## What you need to do
Please output, without any change, the lines of the material below from the very first through the one with "Olivia Yao Jewellery 加購品牌黑藍紙袋 (附緞帶)".
(Study material)
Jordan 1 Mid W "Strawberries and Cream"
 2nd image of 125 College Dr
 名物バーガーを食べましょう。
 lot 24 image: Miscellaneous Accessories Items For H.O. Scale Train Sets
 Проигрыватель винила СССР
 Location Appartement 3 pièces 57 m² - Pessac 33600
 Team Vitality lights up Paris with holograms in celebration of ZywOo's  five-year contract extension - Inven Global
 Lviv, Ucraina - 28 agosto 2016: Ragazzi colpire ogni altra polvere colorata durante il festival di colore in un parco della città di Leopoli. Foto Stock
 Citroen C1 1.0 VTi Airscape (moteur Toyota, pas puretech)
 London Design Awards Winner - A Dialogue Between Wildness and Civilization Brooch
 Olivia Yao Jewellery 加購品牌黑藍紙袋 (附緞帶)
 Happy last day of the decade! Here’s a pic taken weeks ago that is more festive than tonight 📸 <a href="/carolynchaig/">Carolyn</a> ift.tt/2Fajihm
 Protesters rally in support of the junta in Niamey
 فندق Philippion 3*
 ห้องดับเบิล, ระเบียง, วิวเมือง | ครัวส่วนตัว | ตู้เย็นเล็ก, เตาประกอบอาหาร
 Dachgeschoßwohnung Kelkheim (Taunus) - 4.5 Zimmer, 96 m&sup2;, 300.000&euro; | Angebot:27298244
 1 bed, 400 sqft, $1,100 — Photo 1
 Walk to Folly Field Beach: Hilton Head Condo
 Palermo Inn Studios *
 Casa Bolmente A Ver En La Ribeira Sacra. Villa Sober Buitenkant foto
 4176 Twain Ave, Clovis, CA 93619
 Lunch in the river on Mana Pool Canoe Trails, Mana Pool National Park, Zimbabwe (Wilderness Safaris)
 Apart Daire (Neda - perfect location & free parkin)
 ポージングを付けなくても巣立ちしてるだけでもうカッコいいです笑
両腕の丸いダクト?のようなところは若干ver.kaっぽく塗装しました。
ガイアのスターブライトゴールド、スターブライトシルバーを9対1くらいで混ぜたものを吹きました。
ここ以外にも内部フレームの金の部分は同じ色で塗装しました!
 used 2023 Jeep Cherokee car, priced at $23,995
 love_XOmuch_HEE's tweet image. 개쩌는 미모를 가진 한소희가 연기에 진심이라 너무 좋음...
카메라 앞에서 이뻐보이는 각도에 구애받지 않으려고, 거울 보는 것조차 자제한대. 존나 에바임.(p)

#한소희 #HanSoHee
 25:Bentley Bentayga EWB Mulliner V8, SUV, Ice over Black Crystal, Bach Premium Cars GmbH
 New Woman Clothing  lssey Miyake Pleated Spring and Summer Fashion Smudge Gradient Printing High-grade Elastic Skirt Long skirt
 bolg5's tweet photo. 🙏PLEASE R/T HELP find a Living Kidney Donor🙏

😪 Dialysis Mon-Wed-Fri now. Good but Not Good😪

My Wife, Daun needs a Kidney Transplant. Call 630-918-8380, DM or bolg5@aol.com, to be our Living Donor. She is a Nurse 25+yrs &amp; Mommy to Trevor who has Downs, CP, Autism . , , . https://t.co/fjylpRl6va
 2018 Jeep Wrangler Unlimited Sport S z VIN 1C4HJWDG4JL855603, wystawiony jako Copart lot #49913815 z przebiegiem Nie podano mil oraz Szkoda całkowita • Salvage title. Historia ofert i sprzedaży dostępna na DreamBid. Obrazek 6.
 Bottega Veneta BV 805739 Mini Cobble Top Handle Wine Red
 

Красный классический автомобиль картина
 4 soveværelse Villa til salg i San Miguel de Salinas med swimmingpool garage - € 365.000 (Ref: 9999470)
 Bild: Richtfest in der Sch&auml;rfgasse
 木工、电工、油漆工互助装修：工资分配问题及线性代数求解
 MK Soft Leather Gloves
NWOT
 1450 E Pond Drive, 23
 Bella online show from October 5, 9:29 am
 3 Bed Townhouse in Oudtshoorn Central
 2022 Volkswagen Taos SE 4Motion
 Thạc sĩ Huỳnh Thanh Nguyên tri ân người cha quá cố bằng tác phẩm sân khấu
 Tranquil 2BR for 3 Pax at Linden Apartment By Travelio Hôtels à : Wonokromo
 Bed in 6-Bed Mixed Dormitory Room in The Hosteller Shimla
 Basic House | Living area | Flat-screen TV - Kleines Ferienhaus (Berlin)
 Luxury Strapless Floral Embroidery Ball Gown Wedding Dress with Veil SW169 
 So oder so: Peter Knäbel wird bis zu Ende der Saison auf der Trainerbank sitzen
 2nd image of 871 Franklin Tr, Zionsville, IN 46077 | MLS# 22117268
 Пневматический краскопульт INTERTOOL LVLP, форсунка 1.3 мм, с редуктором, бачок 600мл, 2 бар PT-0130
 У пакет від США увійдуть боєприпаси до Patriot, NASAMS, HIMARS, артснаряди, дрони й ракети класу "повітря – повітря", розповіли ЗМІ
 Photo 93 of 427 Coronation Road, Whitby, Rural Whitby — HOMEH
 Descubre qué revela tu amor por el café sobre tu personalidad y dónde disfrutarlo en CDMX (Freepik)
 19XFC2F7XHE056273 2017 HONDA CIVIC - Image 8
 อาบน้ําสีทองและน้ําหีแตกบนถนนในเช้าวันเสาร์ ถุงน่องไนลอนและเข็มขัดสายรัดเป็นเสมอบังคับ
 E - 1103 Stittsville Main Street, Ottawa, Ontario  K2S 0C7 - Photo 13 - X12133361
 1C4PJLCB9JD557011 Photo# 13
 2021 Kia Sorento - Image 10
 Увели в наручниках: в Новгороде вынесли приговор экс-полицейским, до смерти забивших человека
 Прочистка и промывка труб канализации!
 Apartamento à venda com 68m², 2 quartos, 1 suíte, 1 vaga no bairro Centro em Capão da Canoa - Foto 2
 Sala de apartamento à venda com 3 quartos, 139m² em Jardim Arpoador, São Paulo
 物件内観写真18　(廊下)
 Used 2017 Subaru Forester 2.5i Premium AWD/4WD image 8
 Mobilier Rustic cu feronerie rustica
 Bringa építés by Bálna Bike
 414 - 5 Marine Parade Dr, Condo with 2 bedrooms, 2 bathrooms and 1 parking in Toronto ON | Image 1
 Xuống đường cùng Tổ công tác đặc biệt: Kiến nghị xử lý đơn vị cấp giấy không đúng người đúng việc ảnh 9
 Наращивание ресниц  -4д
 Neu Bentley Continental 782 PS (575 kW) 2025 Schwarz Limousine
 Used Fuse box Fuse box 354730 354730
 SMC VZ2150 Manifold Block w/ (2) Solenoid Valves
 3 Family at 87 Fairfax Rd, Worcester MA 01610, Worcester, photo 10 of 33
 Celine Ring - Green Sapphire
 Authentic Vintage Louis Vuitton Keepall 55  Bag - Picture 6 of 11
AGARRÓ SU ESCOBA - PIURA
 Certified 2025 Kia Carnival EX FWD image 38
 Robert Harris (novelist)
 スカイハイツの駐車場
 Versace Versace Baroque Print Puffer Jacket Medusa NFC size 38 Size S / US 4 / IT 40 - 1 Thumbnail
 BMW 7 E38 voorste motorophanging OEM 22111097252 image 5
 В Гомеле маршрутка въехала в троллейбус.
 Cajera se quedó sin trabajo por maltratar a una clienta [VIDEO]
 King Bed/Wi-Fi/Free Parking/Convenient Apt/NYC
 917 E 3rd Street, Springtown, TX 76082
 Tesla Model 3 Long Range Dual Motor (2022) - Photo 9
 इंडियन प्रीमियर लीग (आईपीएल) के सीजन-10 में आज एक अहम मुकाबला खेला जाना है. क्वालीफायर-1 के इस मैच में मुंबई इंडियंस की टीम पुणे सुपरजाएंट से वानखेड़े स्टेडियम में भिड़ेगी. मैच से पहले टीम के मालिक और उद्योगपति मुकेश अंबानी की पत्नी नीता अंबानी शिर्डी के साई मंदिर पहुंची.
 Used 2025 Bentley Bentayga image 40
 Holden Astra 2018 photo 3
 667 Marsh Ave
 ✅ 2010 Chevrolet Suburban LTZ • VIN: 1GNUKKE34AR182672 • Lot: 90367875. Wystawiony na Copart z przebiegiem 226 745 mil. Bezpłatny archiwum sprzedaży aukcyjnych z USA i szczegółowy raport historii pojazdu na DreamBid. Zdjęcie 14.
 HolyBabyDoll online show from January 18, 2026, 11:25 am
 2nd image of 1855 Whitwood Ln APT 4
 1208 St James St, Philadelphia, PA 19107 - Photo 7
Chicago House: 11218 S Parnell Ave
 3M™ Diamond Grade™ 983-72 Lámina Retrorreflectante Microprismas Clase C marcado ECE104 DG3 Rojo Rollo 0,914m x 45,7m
(End Study material)
## Exercise solution
Jordan 1 Mid W "Strawberries and Cream"
 2nd image of 125 College Dr
 名物バーガーを食べましょう。
 lot 24 image: Miscellaneous Accessories Items For H.O. Scale Train Sets
 Проигрыватель винила СССР
 Location Appartement 3 pièces 57 m² - Pessac 33600
 Team Vitality lights up Paris with holograms in celebration of ZywOo's  five-year contract extension - Inven Global
 Lviv, Ucraina - 28 agosto 2016: Ragazzi colpire ogni altra polvere colorata durante il festival di colore in un parco della città di Leopoli. Foto Stock
 Citroen C1 1.0 VTi Airscape (moteur Toyota, pas puretech)
 London Design Awards Winner - A Dialogue Between Wildness and Civilization Brooch
 Olivia Yao Jewellery 加購品牌黑藍紙袋 (附緞帶)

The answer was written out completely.